=== Section Start ===
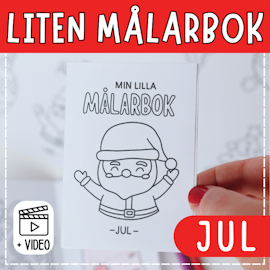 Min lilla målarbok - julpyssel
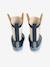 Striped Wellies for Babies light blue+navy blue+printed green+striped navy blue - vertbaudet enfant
=== Section End ===
=== Section Start ===
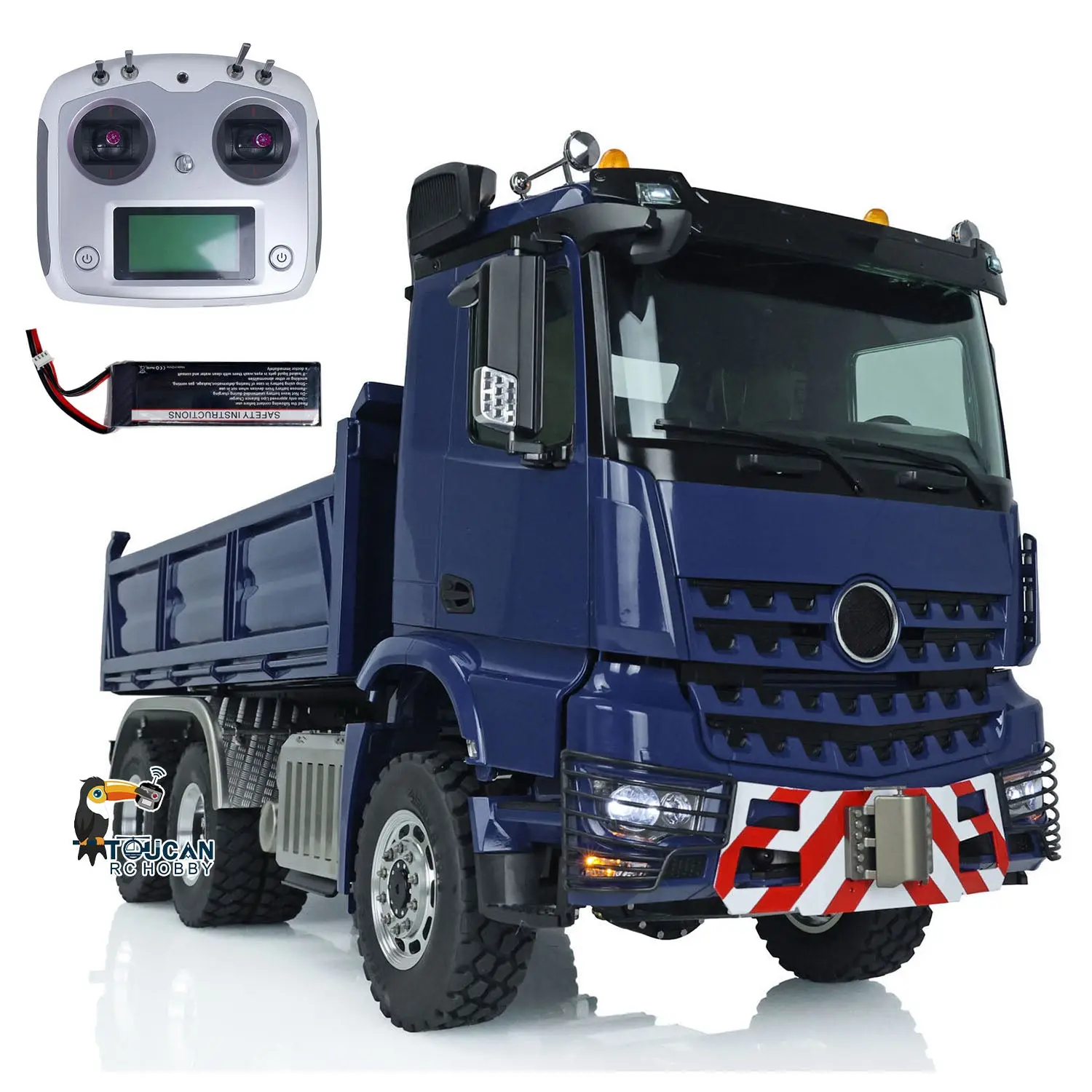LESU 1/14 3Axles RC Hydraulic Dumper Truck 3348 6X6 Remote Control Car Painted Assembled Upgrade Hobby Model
=== Section End ===
Those lines of the records above that run from the one containing "Min lilla målarbok - julpyssel" through the one containing "Striped Wellies for" should be returned exactly, with no pictures among them.

=== Result ===
 Min lilla målarbok - julpyssel
 Striped Wellies for Babies light blue+navy blue+printed green+striped navy blue - vertbaudet enfant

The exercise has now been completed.